Sarah Furno is honoured with one of the most prestigious accolades that a cheesemaker can receive - being titled a Maître Fromager from the Guilde Internationale des Fromagers in France. This milestone recognizes exceptional skill, perseverance, and passion for the art and tradition of cheesemaking.

2022: Origin Green Gold

We are honoured with the Origin Green Gold Award, for our commitment to sustainability within Ireland’s national food and drink programme. This recognition highlights our dedication to environmentally responsible production and ongoing effort to reducing our carbon footprint and imapct on our local environment.
A celebratory food photograph of a wedge of Cashel Blue featuring a special "40 Years" gold label, served on a wooden board with an apple slice, a jar of chutney, and the 2024 British Cheese Awards Reserve Champion seal.

2024: Celebrating 40 years

We mark our 40th anniversary, celebrating four decades of craftsmanship and dedication to Irish cheesemaking. This milestone honours the hard work of everyone who has helped to establish Cashel Blue as “Queen of the Blues” in Ireland and abroad. In the same year we win Reserve Champion at the British Cheese Awards, and the Great Taste Golden Fork Award - each one an incredible honour, and the icing on the cake for our 40th year.
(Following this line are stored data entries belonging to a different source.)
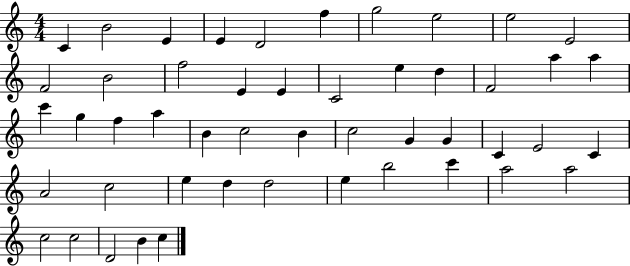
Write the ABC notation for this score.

X:1
T:Untitled
M:4/4
L:1/4
K:C
C B2 E E D2 f g2 e2 e2 E2 F2 B2 f2 E E C2 e d F2 a a c' g f a B c2 B c2 G G C E2 C A2 c2 e d d2 e b2 c' a2 a2 c2 c2 D2 B c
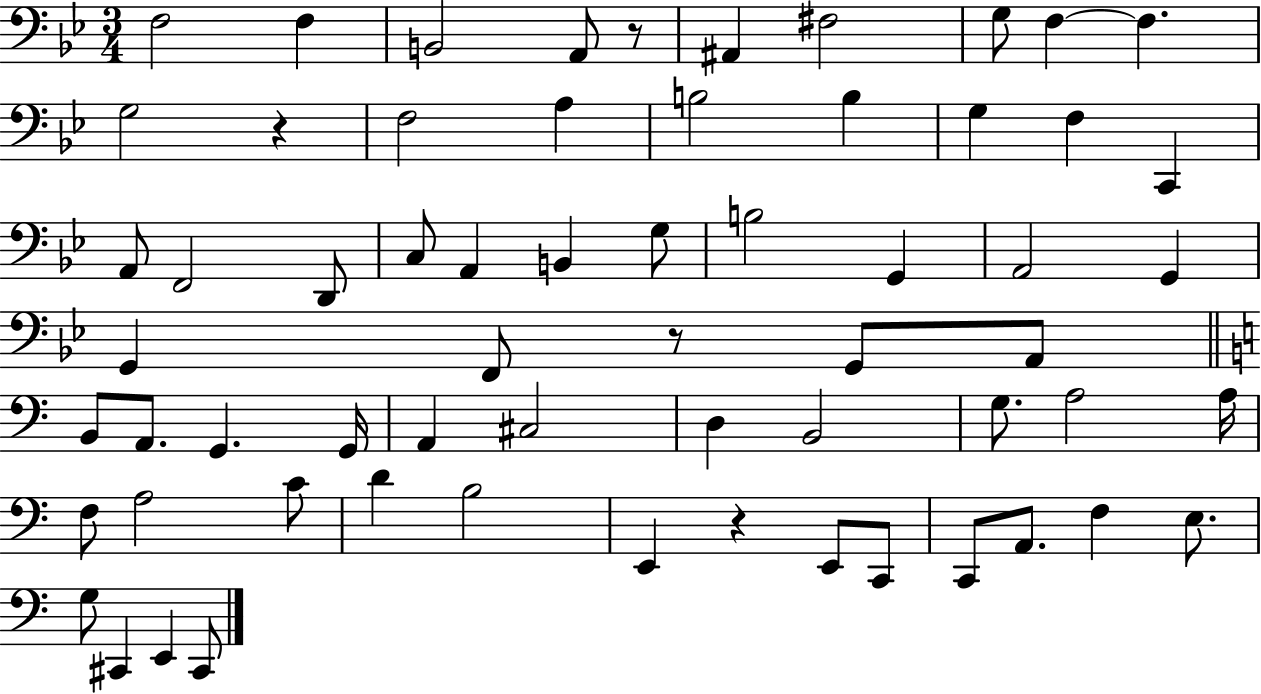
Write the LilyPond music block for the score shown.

{
  \clef bass
  \numericTimeSignature
  \time 3/4
  \key bes \major
  f2 f4 | b,2 a,8 r8 | ais,4 fis2 | g8 f4~~ f4. | \break g2 r4 | f2 a4 | b2 b4 | g4 f4 c,4 | \break a,8 f,2 d,8 | c8 a,4 b,4 g8 | b2 g,4 | a,2 g,4 | \break g,4 f,8 r8 g,8 a,8 | \bar "||" \break \key a \minor b,8 a,8. g,4. g,16 | a,4 cis2 | d4 b,2 | g8. a2 a16 | \break f8 a2 c'8 | d'4 b2 | e,4 r4 e,8 c,8 | c,8 a,8. f4 e8. | \break g8 cis,4 e,4 cis,8 | \bar "|."
}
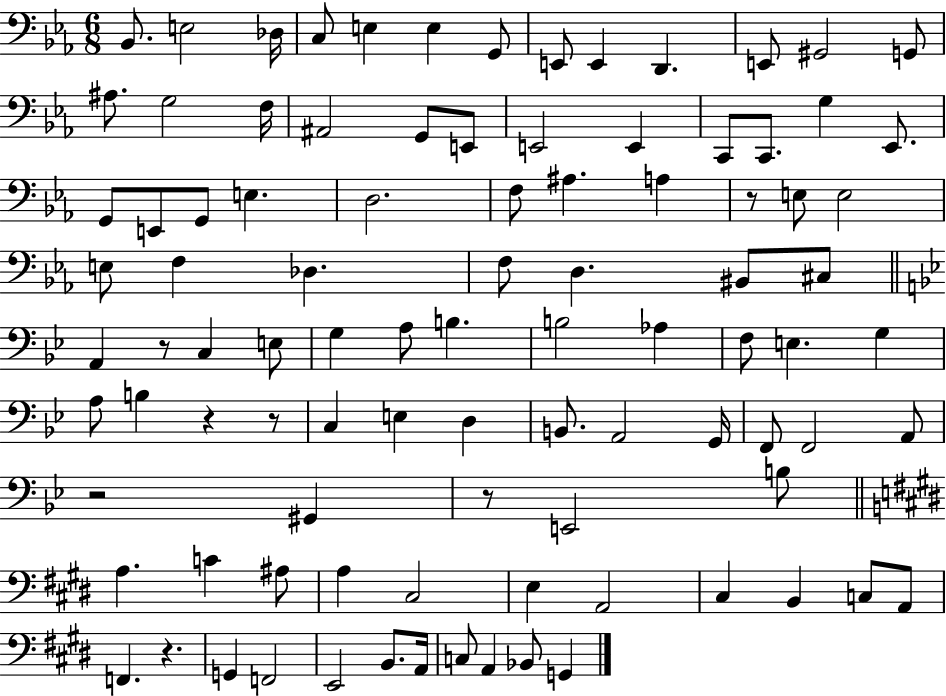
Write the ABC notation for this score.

X:1
T:Untitled
M:6/8
L:1/4
K:Eb
_B,,/2 E,2 _D,/4 C,/2 E, E, G,,/2 E,,/2 E,, D,, E,,/2 ^G,,2 G,,/2 ^A,/2 G,2 F,/4 ^A,,2 G,,/2 E,,/2 E,,2 E,, C,,/2 C,,/2 G, _E,,/2 G,,/2 E,,/2 G,,/2 E, D,2 F,/2 ^A, A, z/2 E,/2 E,2 E,/2 F, _D, F,/2 D, ^B,,/2 ^C,/2 A,, z/2 C, E,/2 G, A,/2 B, B,2 _A, F,/2 E, G, A,/2 B, z z/2 C, E, D, B,,/2 A,,2 G,,/4 F,,/2 F,,2 A,,/2 z2 ^G,, z/2 E,,2 B,/2 A, C ^A,/2 A, ^C,2 E, A,,2 ^C, B,, C,/2 A,,/2 F,, z G,, F,,2 E,,2 B,,/2 A,,/4 C,/2 A,, _B,,/2 G,,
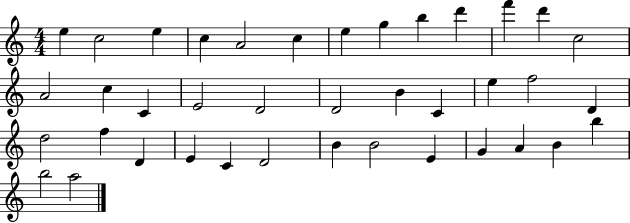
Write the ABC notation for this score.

X:1
T:Untitled
M:4/4
L:1/4
K:C
e c2 e c A2 c e g b d' f' d' c2 A2 c C E2 D2 D2 B C e f2 D d2 f D E C D2 B B2 E G A B b b2 a2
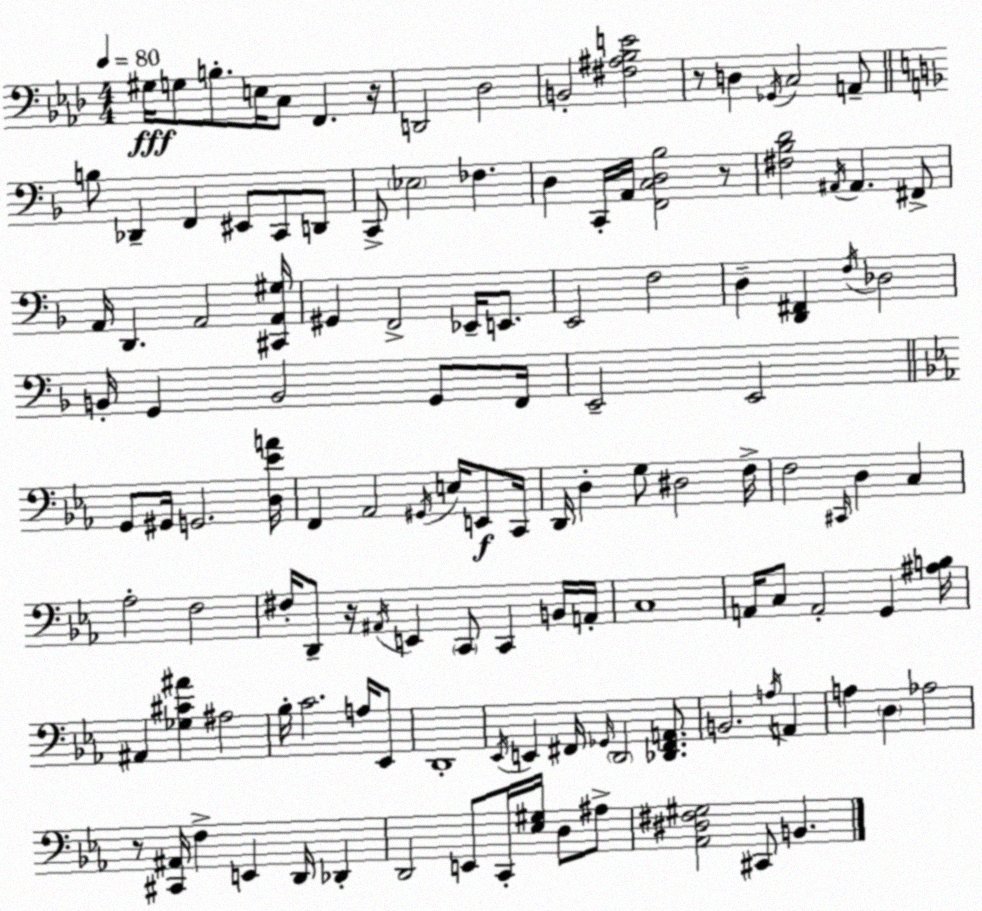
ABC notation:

X:1
T:Untitled
M:4/4
L:1/4
K:Ab
^G,/4 G,/2 B,/2 E,/4 C,/2 F,, z/4 D,,2 _D,2 B,,2 [^F,^A,_B,E]2 z/2 D, _G,,/4 C,2 A,,/2 B,/2 _D,, F,, ^E,,/2 C,,/2 D,,/2 C,,/2 _E,2 _F, D, C,,/4 A,,/4 [F,,C,D,_B,]2 z/2 [^F,_B,D]2 ^A,,/4 ^A,, ^F,,/2 A,,/4 D,, A,,2 [^C,,A,,^G,]/4 ^G,, F,,2 _E,,/4 E,,/2 E,,2 F,2 D, [D,,^F,,] F,/4 _D,2 B,,/4 G,, B,,2 G,,/2 F,,/4 E,,2 E,,2 G,,/2 ^G,,/4 G,,2 [D,_EA]/4 F,, _A,,2 ^G,,/4 E,/4 E,,/2 C,,/4 D,,/4 D, G,/2 ^D,2 F,/4 F,2 ^C,,/4 D, C, _A,2 F,2 ^F,/4 D,,/2 z/4 ^A,,/4 E,, C,,/2 C,, B,,/4 A,,/4 C,4 A,,/4 C,/2 A,,2 G,, [^A,B,]/4 ^A,, [_G,^C^A] ^A,2 _B,/4 C2 A,/4 _E,,/2 D,,4 _E,,/4 E,, ^F,,/4 _G,,/4 D,,2 [_D,,^F,,A,,]/2 B,,2 A,/4 A,, A, D, _A,2 z/2 [^C,,^A,,]/4 F, E,, D,,/4 _D,, D,,2 E,,/2 C,,/4 [_E,^G,]/4 D,/2 ^A,/2 [_A,,^D,^F,^G,]2 ^C,,/2 B,,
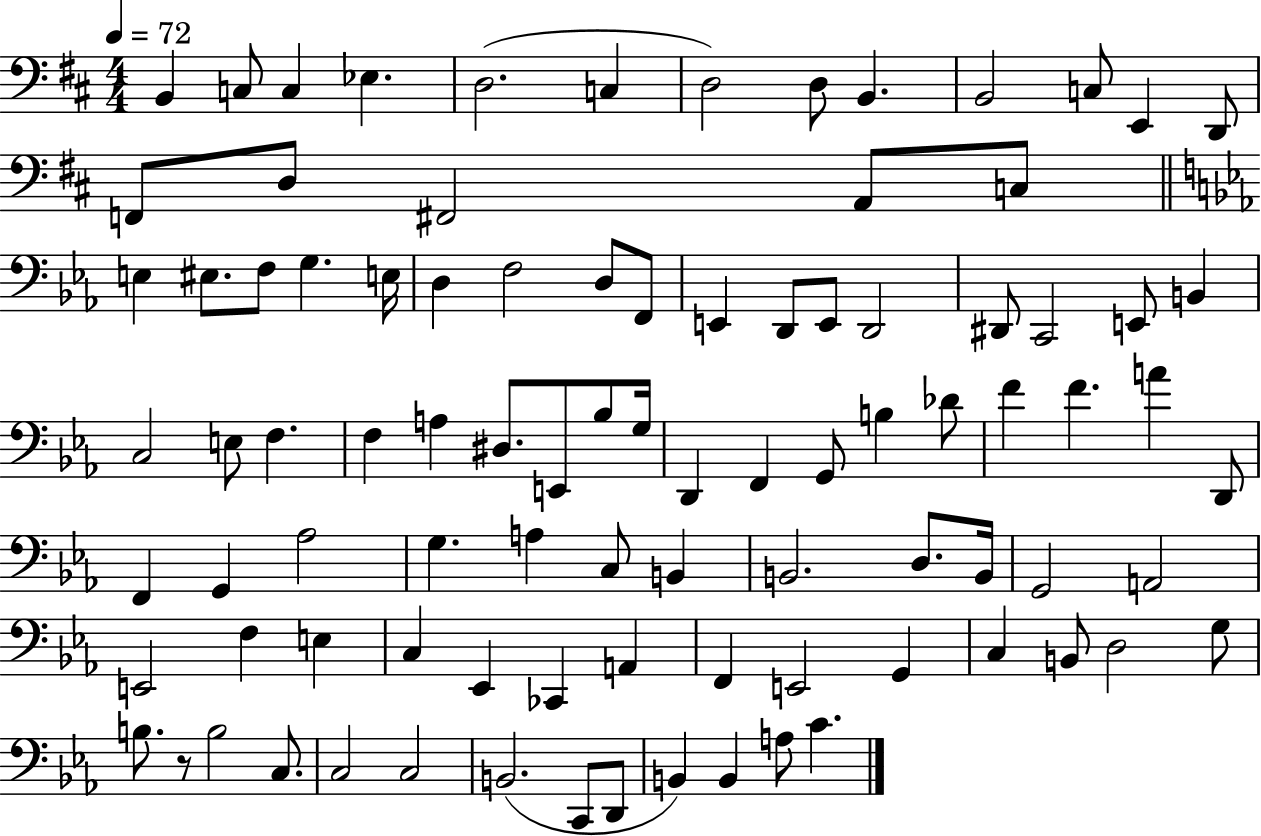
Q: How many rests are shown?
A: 1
2025: Lifetime Achievement Award & Artisan Producer of the Year

An incredible honour and recognition, Jane and Louis Grubb are awarded a Lifetime Achievement award from the Irish Food Writers Guild. The IFWG said the award was for “carefully blending tradition and technology with the best of local milk - this family-run business has managed to become bigger and better without losing the focus on quality and authenticity”. In the same year we are blessed with Artisan Producer of the Year award, from Blas na hEireann, the Irish Food Awards

2026: Creation of Toma No.5

The baby and 5th addition to the family of Cashel Farmhouse cheeses. Yes she’s mouldy, but she’s not blue!

Today

How we make our Cheese

It takes time, skill and method.

01.

Happy Cows, Great Milk

We take great pride in our milk. Over 40% coming from our own farm. When grazing the patchwork of pastures surrounding the cheese-rooms, the girls can be seen from the cheese-room windows- this is our definition of “local milk.

02.

Stirring the Magic

We precisely pasteurise the fresh whole milk, taking great care not to compromise those delicate sweet flavour elements. Next, we gently stir in a starter culture, Penicillium Roquefortii (the blue mould), and vegetarian rennet. Then, our cheesemakers gently draw the cheese harp through the curd to separate the solid curds from the liquid whey.

03.

Watch, Wait, Feel

We don't rely on precise science here—it's handcraft. We wait, watch, and feel the curds, turning them regularly until they're firm enough to transfer into moulds. During moulding, we encourage the remaining whey to drain out through a careful process of turning.

04.

Piercing the Way

On day three, we remove the cheeses and salt them. Salt is essential—it acts as a natural preservative and brings that light salt edge to the flavour. On day four, we individually pierce each wheel to allow air to penetrate the centre, giving the blue mould spores the perfect conditions to develop.

05.

Blueing Time

The cheeses are transferred for what we call "cave ageing". Held at around 10°C, our team turns the cheeses every day so the moisture doesn't all run to one side of it!

06.

The Taste Test

Once the blueing starts, we wrap the cheeses in foil. Our taste team then tastes and grades each batch to determine how long we'll age the cheese—usually 2–3 months. We taste again before any order leaves the farm.

07.

Wrapped and Ready

When they are finally ready, we cut and wrap the cheeses by hand right here on our farm! So, yes, every sumptuous piece of Cashel Blue has been prepared carefully by hand. We hope you enjoy it!
A simple white line drawing of a face with closed eyes and a gold crown tilted on the head

Sustainable Craft & Community

We love the area where we live for its green fields and rich hedgerows, clean streams and fresh Atlantic air. It is natural therefore that we should want to preserve and continue to enjoy this environment. Making cheese in the least impactful way comes naturally to us and remains a key focus as we work to continually reduce our footprint. Solar panels on the cheese dairy roof supply 65% of daytime electricity through summer months, hydrogenated vegetable oils fuel our heating boilers and the company van. Packaging is chosen carefully to be minimal, recycled and recyclable. Water use is continuously monitored and managed.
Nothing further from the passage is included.